Discuss the convergence of the sequence: $a_1=1,a_{n+1}=\sqrt{2+a_n} \quad \forall n \in \mathbb{N}$

Question

Computing the first few terms $$a_1=1, a_2=\sqrt{3}=1.732....,a_3=1.9318....,a_4=1.9828...$$ I feel that $(a_n)_{n\in \mathbb{N}}$ is bounded above by 2, although I have no logical reasoning for this. Since, $(a_n)_{n\in \mathbb{N}}$ is monotone increasing sequence, it must converge by monotone convergence theorem, and converge to 2.

Can anyone help me to make this more formal? Besides, I would really appreciate if anyone could shed some light on how to find the bound and limit of such sequences (that are not in closed form but in recursion).

Answer 1

$$ a_{n+1}-2 = \sqrt{2+a_n}-2 $$ $$ a_{n+1}-2 = \frac{a_n-2}{\sqrt{2+a_n}+2} $$ $$ |a_{n+1}-2| \le \frac{1 }{2}.|a_n-2| $$ $$ |a_{n}-2| \le {(\frac{1 }{2})}^n.|a_0-2| $$ hence $$ a_n \to 2 $$

Answer 2

Hints:

$$a_1\le a_2\;\;\text{and}\;\;a_{n+1}:=\sqrt{2+a_n}\stackrel{\text{induction}}\le\sqrt{2+a_{n+1}}=:a_{n+2}$$

$$a_1\le 2\;\;\text{and}\;\; a_{n+1}:=\sqrt{2+a_n}\stackrel{\text{induction}}\le\sqrt{2+2}=2$$

The above shows your sequence is a monotone ascending one and bounded above, so its limit exists, say it is $\;w\;$, and now a little arithmetic of limits:

$$w\leftarrow a_{n+1}=\sqrt{2+a_n}\rightarrow\sqrt{2+w}$$

so $\;w=\ldots\ldots?$

Answer 3

Here is an alternate way to approach this problem.
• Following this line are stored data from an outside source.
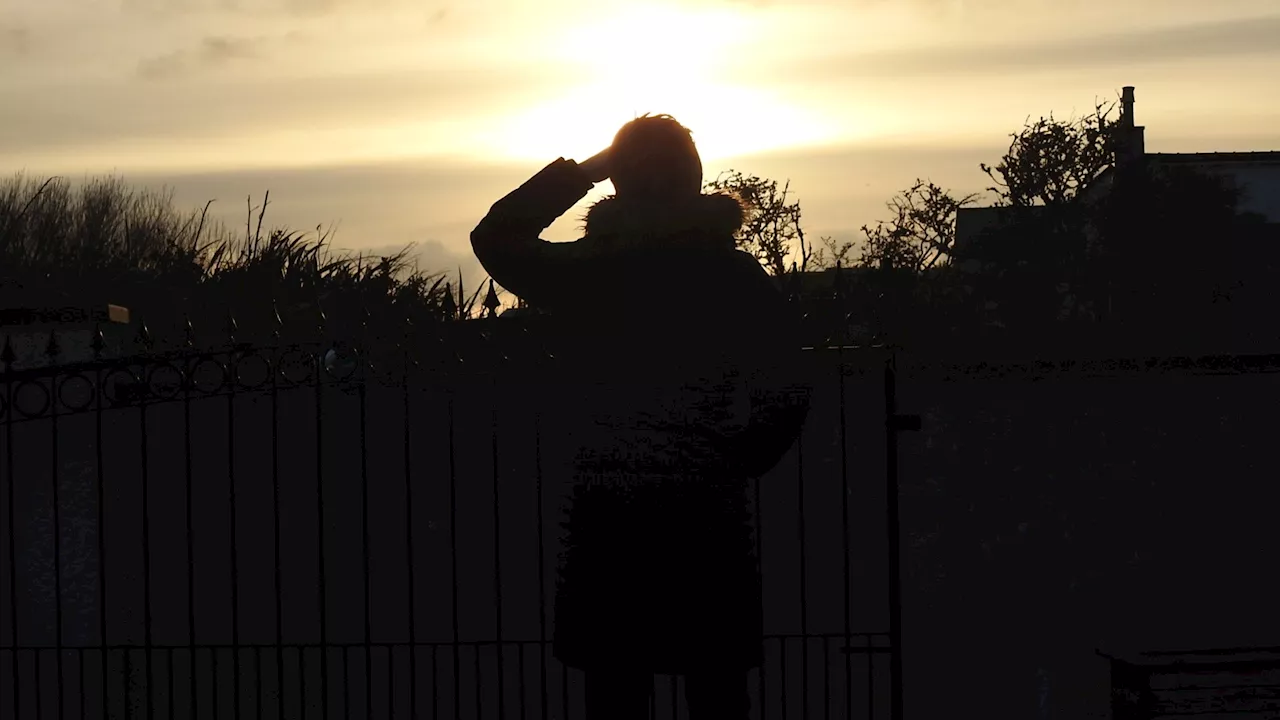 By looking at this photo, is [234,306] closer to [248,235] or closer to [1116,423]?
[248,235]

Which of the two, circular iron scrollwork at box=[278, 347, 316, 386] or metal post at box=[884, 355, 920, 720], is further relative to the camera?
circular iron scrollwork at box=[278, 347, 316, 386]

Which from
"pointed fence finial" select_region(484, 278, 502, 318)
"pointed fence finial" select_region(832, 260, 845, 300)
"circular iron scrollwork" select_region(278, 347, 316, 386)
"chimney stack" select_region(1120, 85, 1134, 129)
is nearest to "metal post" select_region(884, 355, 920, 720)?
"pointed fence finial" select_region(832, 260, 845, 300)

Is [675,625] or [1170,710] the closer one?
[675,625]

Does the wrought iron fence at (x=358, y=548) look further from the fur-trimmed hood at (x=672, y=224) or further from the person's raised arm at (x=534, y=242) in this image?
the fur-trimmed hood at (x=672, y=224)

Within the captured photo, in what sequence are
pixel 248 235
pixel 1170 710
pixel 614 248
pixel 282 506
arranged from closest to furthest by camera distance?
pixel 614 248 < pixel 1170 710 < pixel 282 506 < pixel 248 235

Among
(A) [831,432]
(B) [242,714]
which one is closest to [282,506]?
(B) [242,714]

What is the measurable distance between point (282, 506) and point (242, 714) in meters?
1.35

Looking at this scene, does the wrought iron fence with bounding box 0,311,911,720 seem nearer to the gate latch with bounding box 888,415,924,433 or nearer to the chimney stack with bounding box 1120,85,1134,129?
the gate latch with bounding box 888,415,924,433

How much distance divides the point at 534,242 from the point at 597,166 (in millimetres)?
315

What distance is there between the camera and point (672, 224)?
13.8ft

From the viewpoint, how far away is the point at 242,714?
9.24m

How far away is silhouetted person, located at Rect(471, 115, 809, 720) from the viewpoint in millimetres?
4234

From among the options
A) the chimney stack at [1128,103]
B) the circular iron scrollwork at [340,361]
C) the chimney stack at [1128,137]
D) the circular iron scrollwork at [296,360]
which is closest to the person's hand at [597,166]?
the circular iron scrollwork at [340,361]

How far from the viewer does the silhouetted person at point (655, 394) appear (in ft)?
13.9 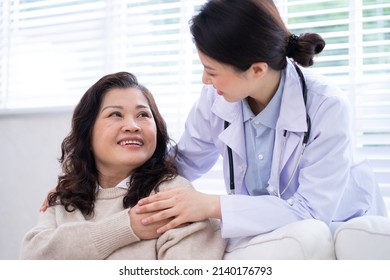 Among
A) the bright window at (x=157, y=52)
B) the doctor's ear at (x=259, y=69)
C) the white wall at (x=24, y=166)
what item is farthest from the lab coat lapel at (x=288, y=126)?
the white wall at (x=24, y=166)

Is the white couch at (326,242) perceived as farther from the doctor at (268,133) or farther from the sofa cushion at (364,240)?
the doctor at (268,133)

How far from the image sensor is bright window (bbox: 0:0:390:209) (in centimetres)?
192

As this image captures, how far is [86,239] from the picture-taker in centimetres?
130

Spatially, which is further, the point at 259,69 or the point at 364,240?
the point at 259,69

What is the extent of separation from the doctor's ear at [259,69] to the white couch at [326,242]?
44cm

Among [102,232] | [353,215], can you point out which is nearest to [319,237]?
[353,215]

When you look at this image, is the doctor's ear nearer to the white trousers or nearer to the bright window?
the white trousers

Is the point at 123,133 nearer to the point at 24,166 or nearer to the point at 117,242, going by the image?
the point at 117,242

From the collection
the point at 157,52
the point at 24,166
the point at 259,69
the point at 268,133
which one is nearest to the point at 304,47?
the point at 259,69

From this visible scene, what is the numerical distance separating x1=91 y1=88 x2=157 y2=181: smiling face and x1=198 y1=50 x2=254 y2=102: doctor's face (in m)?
0.24

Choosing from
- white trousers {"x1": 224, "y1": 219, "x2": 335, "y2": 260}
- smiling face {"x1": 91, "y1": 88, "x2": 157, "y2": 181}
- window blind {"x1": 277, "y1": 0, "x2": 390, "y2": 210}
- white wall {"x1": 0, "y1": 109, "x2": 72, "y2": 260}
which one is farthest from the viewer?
white wall {"x1": 0, "y1": 109, "x2": 72, "y2": 260}

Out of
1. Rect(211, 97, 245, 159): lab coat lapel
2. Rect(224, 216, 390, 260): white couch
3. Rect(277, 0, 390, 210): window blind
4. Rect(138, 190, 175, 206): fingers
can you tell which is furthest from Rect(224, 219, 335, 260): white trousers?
Rect(277, 0, 390, 210): window blind

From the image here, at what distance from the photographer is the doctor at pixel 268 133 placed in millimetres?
1319

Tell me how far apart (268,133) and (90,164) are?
569 millimetres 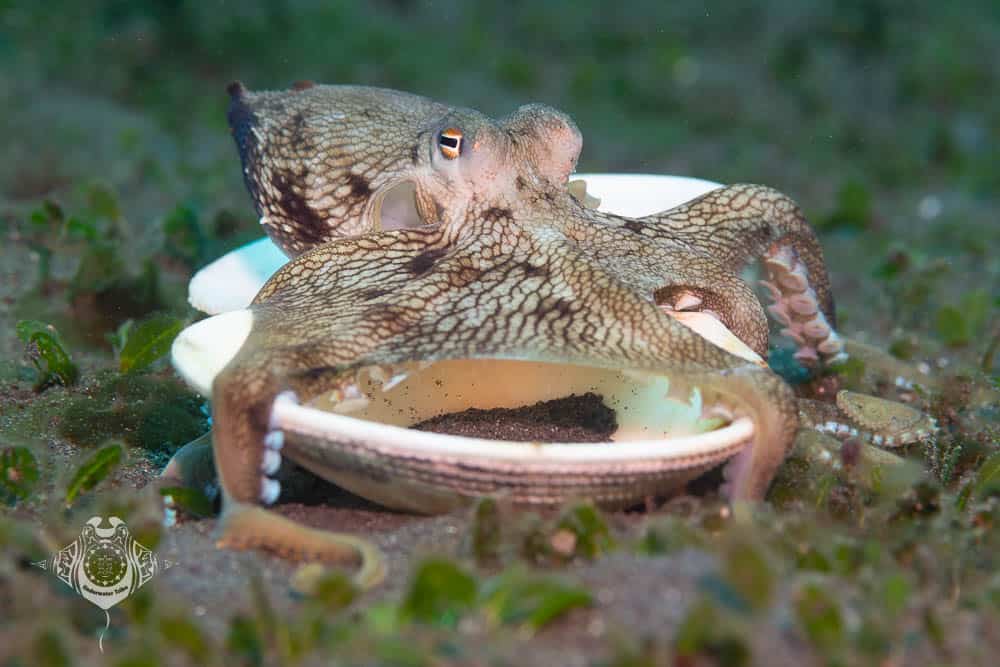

Set $f(x) = \sqrt{2 + x}$, then we notice $f(x) : [0,\infty)\rightarrow[0,\infty)$

and $f'(x) = \frac{1}{2\sqrt{2 + x}} \le \frac{1}{2\sqrt{2}}<1$ for $x\in (0,\infty)$

So by the contraction mapping principle $f$ has a unique fixed point in $(0,\infty)$ and any iteration will converge to to this fixed point. This rigorously justifies just solving the equation

$$x = \sqrt{2 + x}$$ to get the limit of the sequence $a_n$.

Answer 4

Note that $(2-\sqrt{2+x}) (2+\sqrt{2+x} )= 2-x$. We assume $x \ge 0$ in the following.

In particular, $\sqrt{2+x} \le 2$ iff $x \le 2$.

Then, if $x \le 2$, we have $2-\sqrt{2+x} = \frac{1}{2+\sqrt{2+x}} (2-x) \le \frac{1}{2+\sqrt{2}}(2-x)$.

Hence $2-a_{n+1} \le \frac{1}{2+\sqrt{2}} (2-a_n)$, from which we get $0 \le 2-a_n \le \frac{1}{(2+\sqrt{2})^{n-1}} (2-a_1)$. Hence $a_n \uparrow 2$.